Bukti lain dapat dilihat dalam kitab Durus Samin, dan beberapa kitab Tauhid Ahlusunnah wal Jamaah lainnya, seperti kitab Kifayatul Awam, Jauharatut Tauhid dan kitab karya Imam Nawawi Al-Bintani.
5. Apakah dari Al-Qur’an mewajibkan mempelajari sifat ini ? jawabannya adalah ada. Salah satu ayatnya adalah Surat Al-Maidah 35, disana jelas tertulis bahwa apapun yang mengarah kepada Allah untuk mengenal-Nya atau bermakrifat kepada-Nya jika tidak melanggar syariat dan hukum yang sesungguhnya maka keadaan tersebut adalah dianjurkan dan diwajibkan, karena mengenal Allah pada hakikatnya adalah wajib. Mengapa demikian tafsiran Ayatnya, karena Al-Qur’an adalah kitab suci yang setiap dalilnya berfungsi bagi segala keadaan. Seperti kaedah Qur’an yang berbunyi :
العبرة بعموم اللفظ لا بخصوص السبب
“Satu ibarat dengan keumuman suatu lafadh ayat tidaklah mengkhususkan sebab”

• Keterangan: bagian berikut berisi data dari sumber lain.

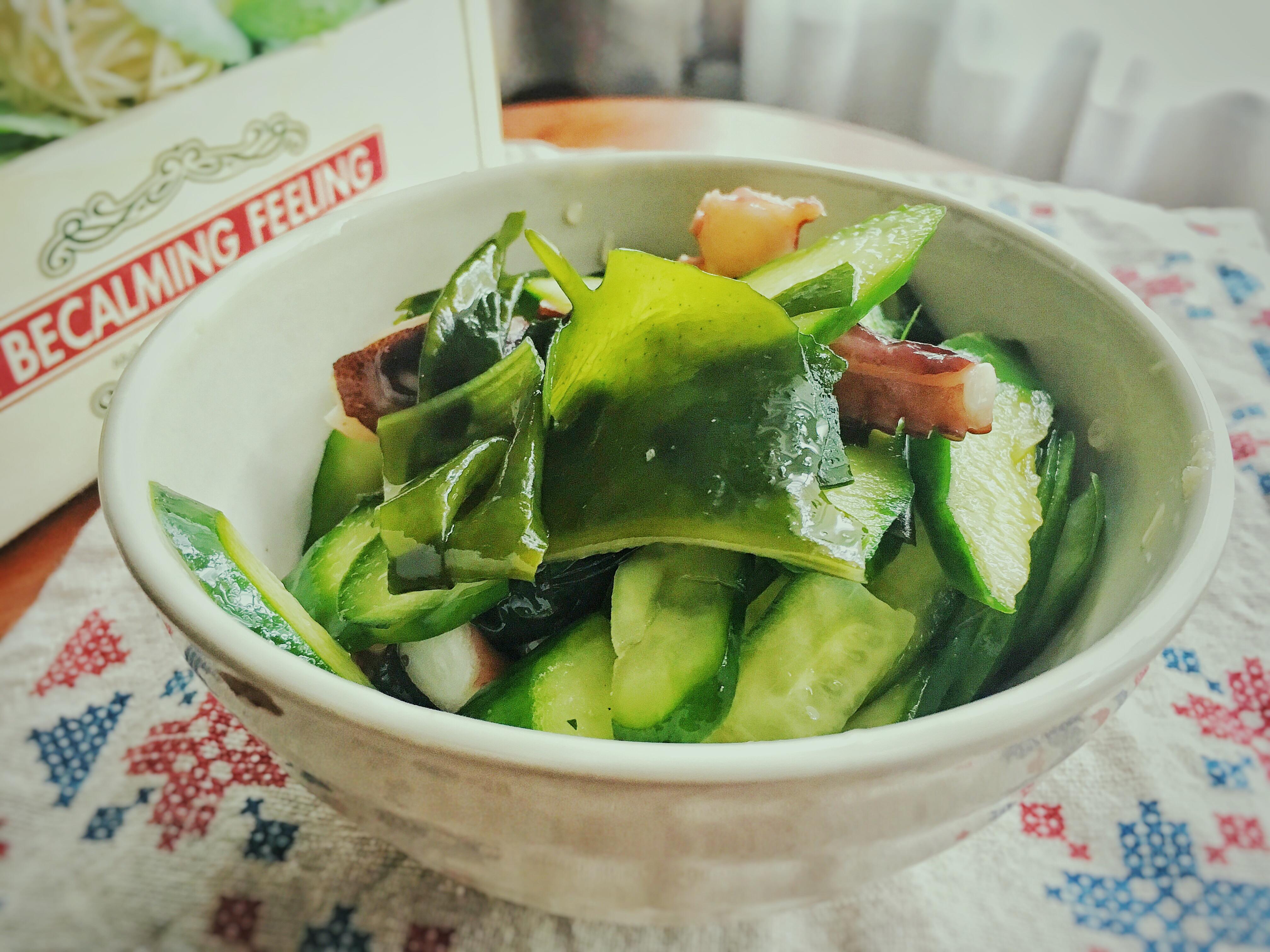 基础日本家庭料理－－腌海味黄瓜的做法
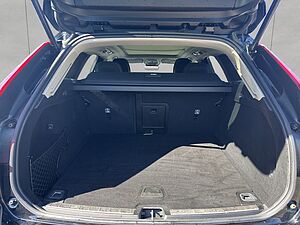 Volvo  Plus Dark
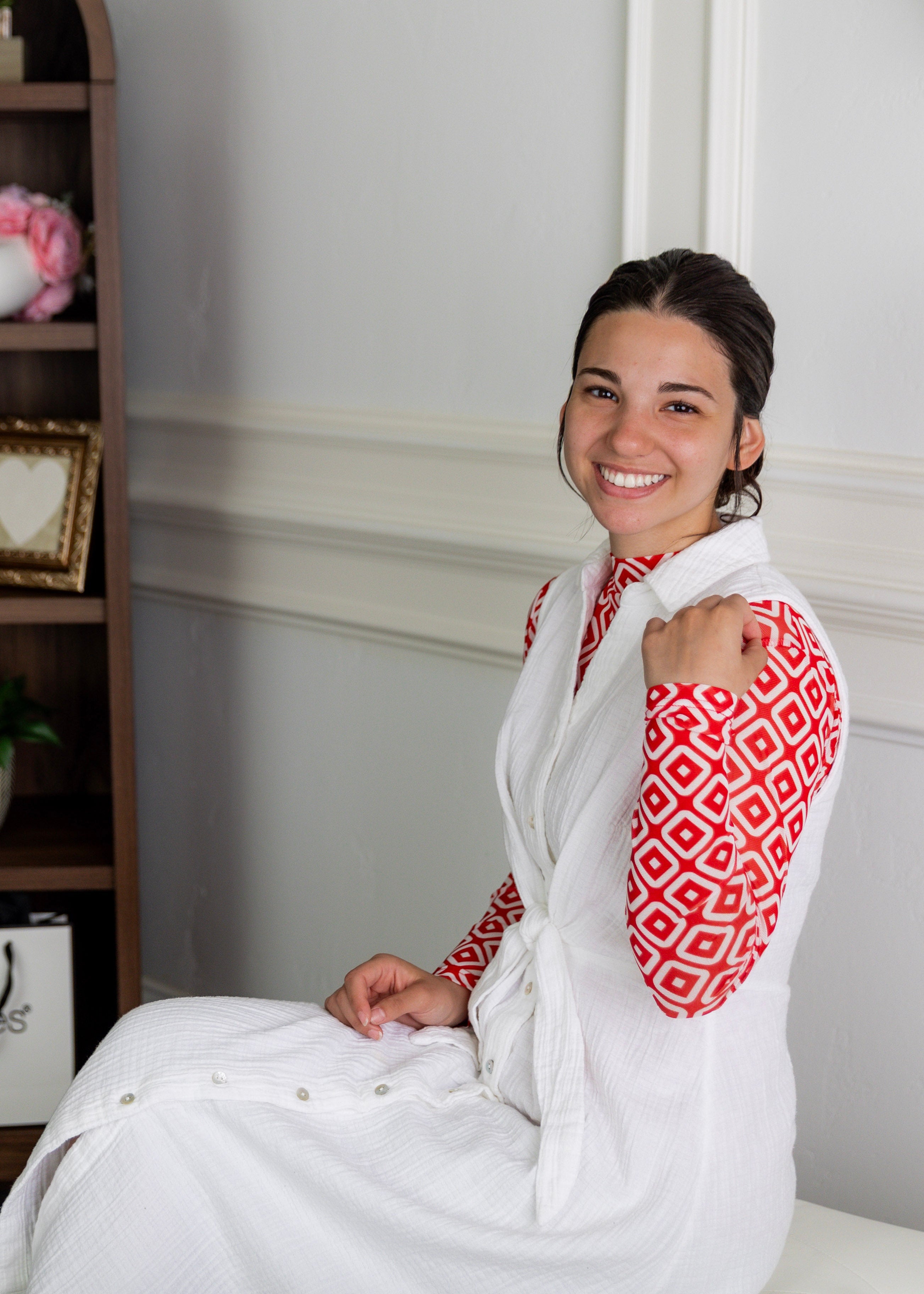 Model wearing Nuggles® Mesh Tee in Candy Apple Geo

Maka untuk itu jikalah dalam surat diatas, yaitu Al-Maidah 35 memiliki sebab khusus bagi asbabun nuzulnya (sebab turunya ayat tersebut) maka secara umum ayat ini tetap berjalan untuk fungsi yang lainnya. Jika tidak demikian maka kitab Allah ini tidaklah suci dan hanya berlaku pada satu masa saja, yaitu Rasulullah SAW. Maka sifat 50 diatas, dasar dalilnya adalah pada ayat ini. Dan masih banyak ibarat dari ayat al-qur’an lainnya.
Sumber :
Tgk. Habibie M. Waly
[1] Muktazilah adalah mazhab yang mengedepankan akal dari keberadaan dalil, jika dalil tidak sesuai dengan akal maka ditolak.